You may want to check the link on “The old post on kanji resources”. :)

By mkrause on .

Haha, fixed it. Thanks mkrause.

Carl: Technically, it’s a frontend—it’s all Javascript so your browser does all the work, not my server :) I did it this way because I don’t know if the hosting service I use would like the processing load. At first I was afraid Javascript would choke on all the kanji lists, but even without making any effort to optimize, my old EeePC 700 can run it just fine. It seems modern browsers have quite efficient JS implementations.
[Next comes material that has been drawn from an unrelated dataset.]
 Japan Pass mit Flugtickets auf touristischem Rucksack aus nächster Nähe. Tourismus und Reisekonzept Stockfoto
Kanjigen is my first attempt at Javascript so it’s not exactly the prettiest code out there, but it seems to work.

Oh and I made a quick and dirty Python script to massage data from Unihan into a JS format. (I know, I should have used JSON and a parser, but hey.)

By leoboiko on .

(Should I add anything else?)

The English-language wiktionary pages for individual characters often include a direct link to the appropriate page of the Kangxi dictionary (an image hosted at http://www.kangxizidian.com), and I like to go and try to read them sometimes. It’s not more than a click or two away from the other courtesy links, but, hey, why not?

By Matt on .

Neat solution. I should get into JS more at some point. I know it’s not as bad as it was in the 90s anymore, but I just never feel like dealing with it.

By Carl on .

Matt: Sure, why not? The kangxizidian.com search is klunky so we could just take the index data from Unihan and link to the page scan directly. Must be very simple…
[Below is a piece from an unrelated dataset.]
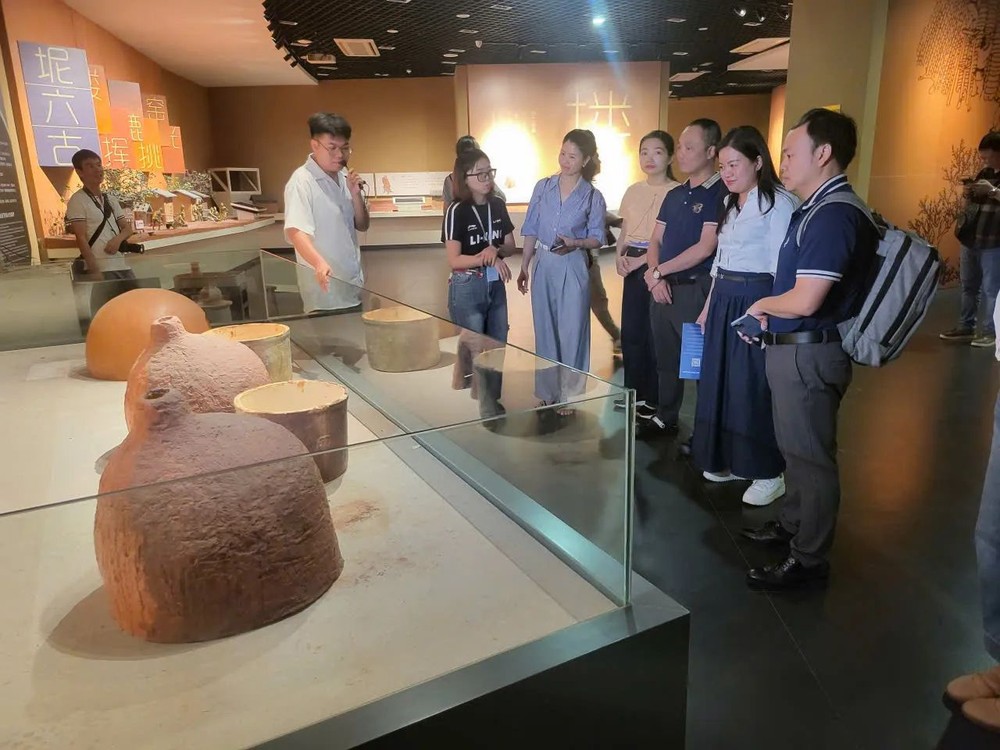 越南新闻代表团听取关于著名的钦州坭兴陶的形成历史、品牌发展历程和制作工艺的介绍。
Or so I thought. But first, Unihan has two fields with KangXi info (kKangXi and kIRGKangXi) (IRG = the Ideographic Rapporteur Group). Sometimes they conflict. Someone asked which was correct. The official answer was, “ whichever one has the correct data is the correct one. :-) ”, and, “corrections welcomed”. So I added logic to kanjigen to display both fields when a conflict occur.

Because KangXi indexes are algorithmic, it’s possible to infer a theoretical index position for characters not in the dictionary. Unihan includes both real and imaginary indexes. Of the 252 characters whose KangXi fields conflict, only 99 are actually present in the dictionary. I ended up hacking together a simple comparison tool to check them at kangxizidian.com, and later I’ll compare them one by one and send the results to the Unicode guys.
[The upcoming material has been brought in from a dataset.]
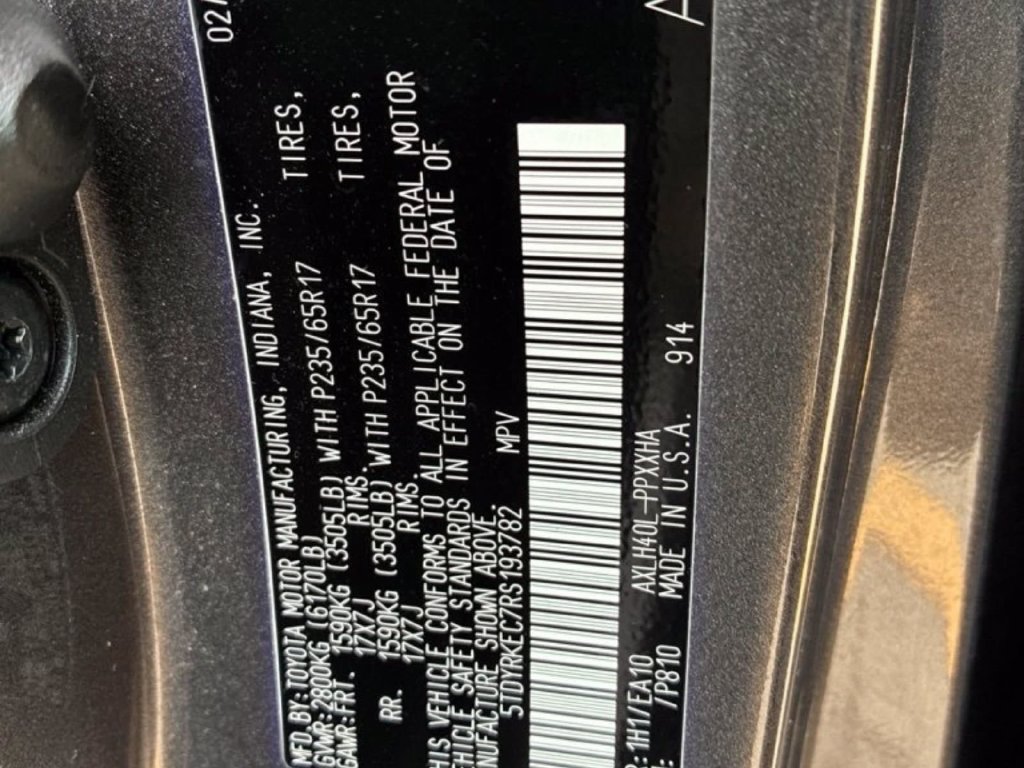 Used 2024 Toyota Sienna XLE FWD image 39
Another problem is that the KangXi data is one order of magnitude larger than everything Kanjigen had to chew up to this point (we now download some 1.9MiB of data, versus 340KiB without KangXi info). So I made some performance improvements I planned on doing anyway; data files are now JSON, and minified, and I set up Apache to send them compressed, if the browser supports that. I figure the tool must be loading slower now, but I hope that, after a couple reloads, the caches will speed it up again. I might try to do something smart with fetching index data asynchronously, but some other day.

Anyway, there you go, KangXi support :)

By leoboiko on .

Carl: Oh, from a structural, computer science point of view, Javascript was never that bad. It just suffered from horrible libraries/implementations/cruft, and bad marketing (this image is accurate). The very name is a good example—the language has nothing to do whatsoever with Java (*spit*), and this publicity gimmick of naming it after Java (*spit*) people think Javascript is supposed to be programmed like it, or at least in an object-oriented style; but in fact Javascript is not OO, it’s a prototype-based language with closures and other functional leanings, much closer to Scheme than that horrible J. The default reference for smart Javascript is Crockford. (Please don’t use my code as an example of smart Javascript. I shudder at the thought of feeding kanjigen to JSLint).

By leoboiko on .

Heh, yesterday I couldn’t figure how to make kanjigen load the indexes asynchronously, but today I woke up with a scheme in my mind. Thanks, brain! (Please bear with the slow loading a little longer, it will take some time.)